Follow this step-by-step guide to work on your project.

### Step 1: Select a real-world dataset 

- The Malaysian dataset must be used for your case study.
- The dataset is available at:
  * [Portal Data Terbuka Malaysia](https://www.data.gov.my/data/ms_MY/dataset)
  * [Department of Statistics Malaysia](https://www.dosm.gov.my/v1/index.php?r=column3/accordion&menu_id=amZNeW9vTXRydTFwTXAxSmdDL1J4dz09)
  * [data.world](https://data.world/datasets/malaysia)
  * [Dataportal.asia](https://dataportal.asia/dataset?vocab_economy_names=Malaysia)
  *[knoema](https://knoema.com/atlas/Malaysia/datasets)
  *[The World Bank](https://data.worldbank.org/country/MY)
  * [Dataset Search - Google](https://datasetsearch.research.google.com/)
  * [UCI Machine Learning Repository](https://archive.ics.uci.edu/ml/datasets.php)
  * [Kaggle datasets](https://www.kaggle.com/datasets)
  * [Awesome-public-datasets](https://github.com/awesomedata/awesome-public-datasets)
  * [Datahub.io](https://datahub.io/collections)
  * [Earthdata](https://www.earthdata.nasa.gov/)
  * [CERN Open Data Portal](http://opendata.cern.ch/)

### Step 2: Perform data preparation & cleaning

- Load the dataset into a data frame using Pandas
- Explore the number of rows & columns, ranges of values etc.
- Handle missing, incorrect and invalid data
- Perform any additional steps (parsing dates, creating additional columns, merging multiple dataset etc.)

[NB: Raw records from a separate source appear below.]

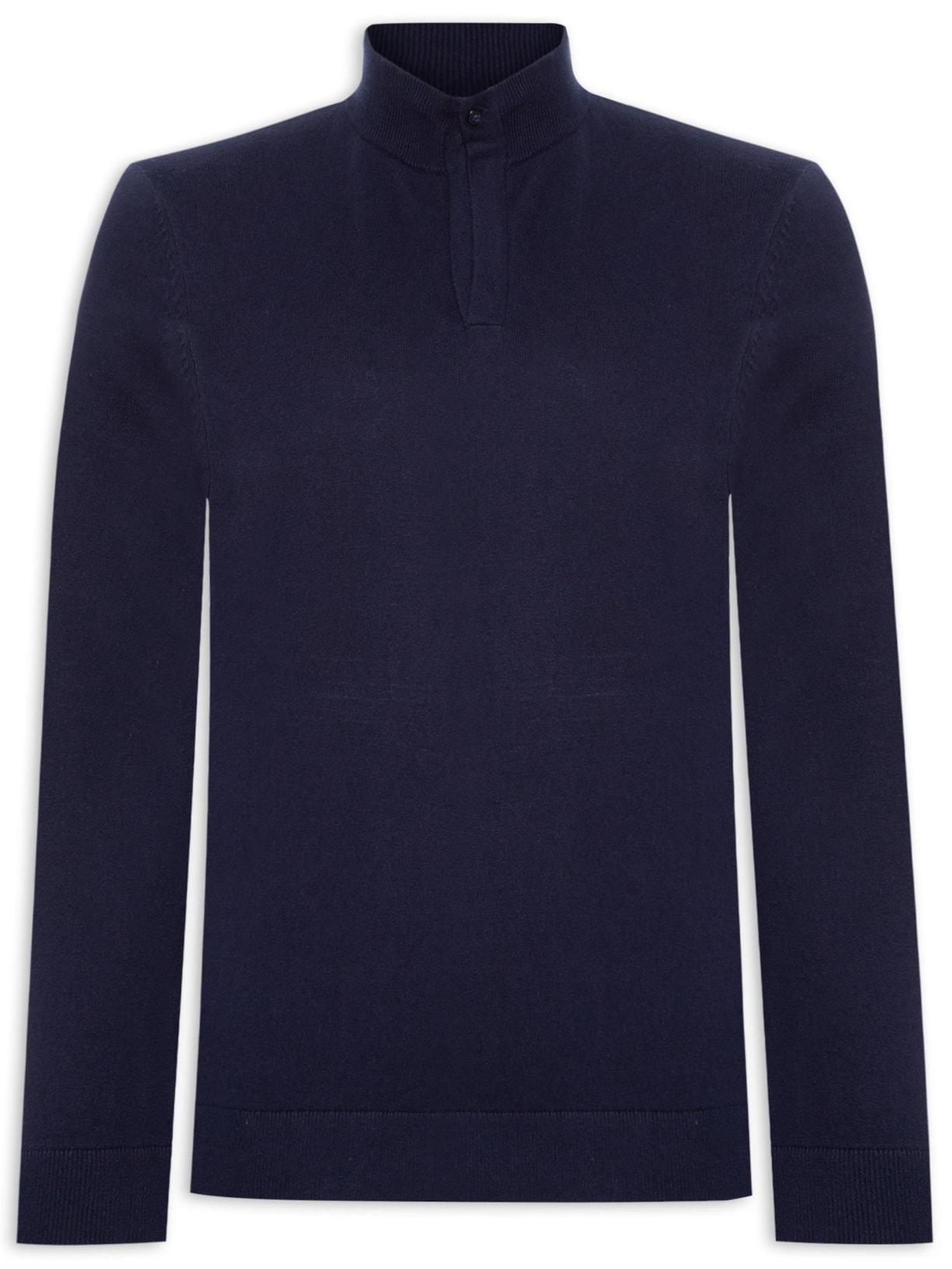 Suéter Masculino Meio Zíper Tricot Cashmere - Azul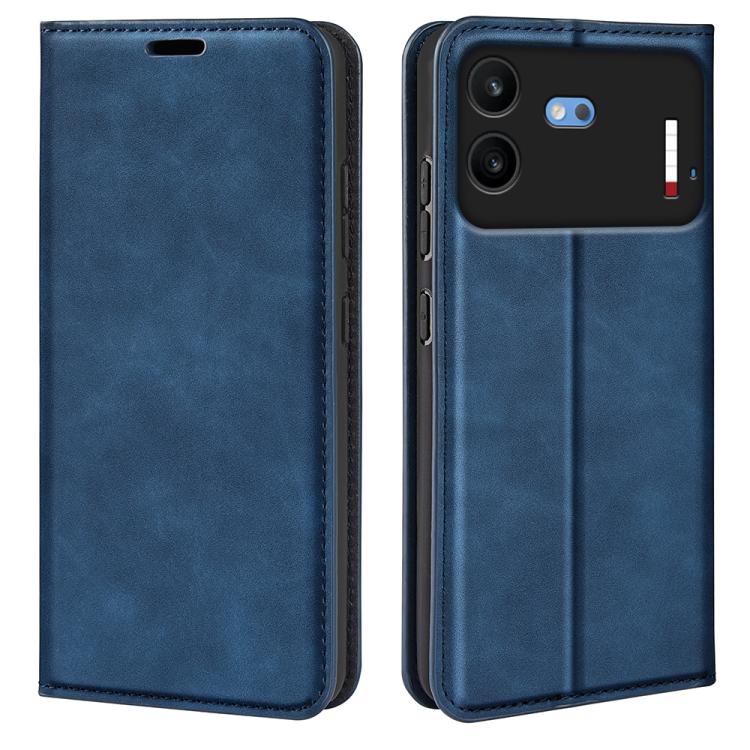 Dark blue magnetic leather phone case with flip cover and rear camera cutouts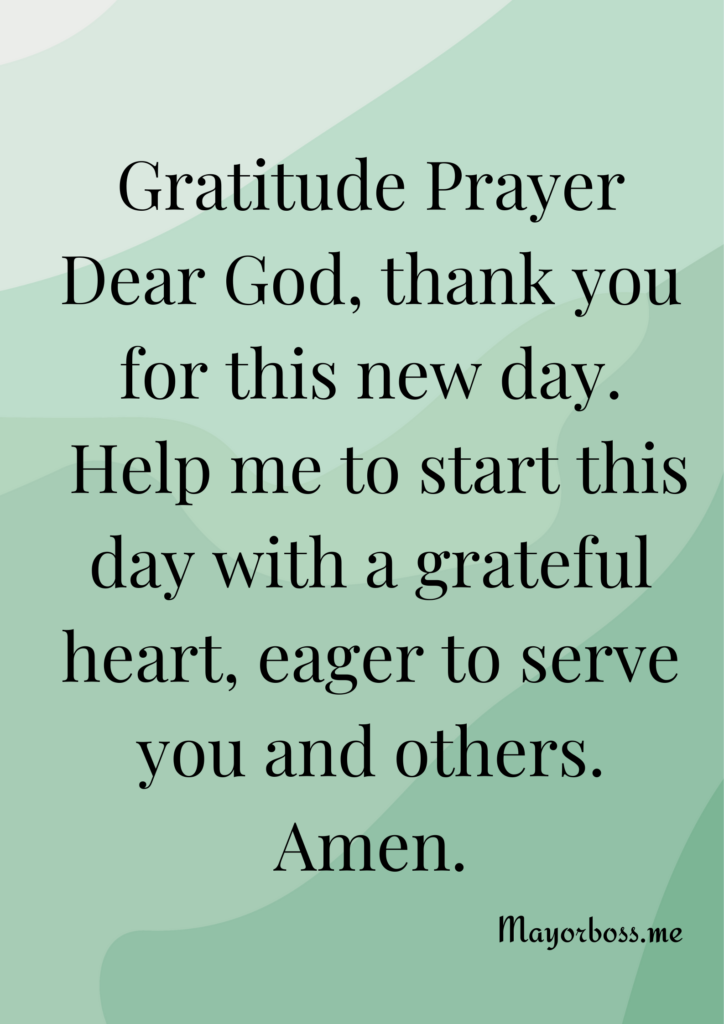 Morning Gratitude Prayer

### Step 3: Perform exploratory analysis & visualization

- Compute the mean, sum, range and other interesting statistics for numeric columns
- Explore distributions of numeric columns using histograms etc.
- Explore relationship between columns using scatter plots, bar charts etc.
- Make a note of interesting insights from the exploratory analysis

### Step 4: Ask & answer questions about the data

- Ask at least 4 interesting questions about your dataset
- Answer the questions either by computing the results using Numpy/Pandas or by plotting graphs using Matplotlib/Seaborn
- Create new columns, merge multiple dataset and perform grouping/aggregation wherever necessary
- Wherever you're using a library function from Pandas/Numpy/Matplotlib etc. explain briefly what it does


### Step 5: Summarize your inferences & write a conclusion

- Write a summary of what you've learned from the analysis
- Include interesting insights and graphs from previous sections
- Share ideas for future work on the same topic using other relevant datasets
- Share links to resources you found useful during your analysis

### Step 6: Make a submission

- Upload your notebook to e-learning.


### Example Projects

Refer to these projects for inspiration:

* [Malaysia Immunisation Progress](https://www.kaggle.com/code/koayhongvin/malaysia-immunisation-progress)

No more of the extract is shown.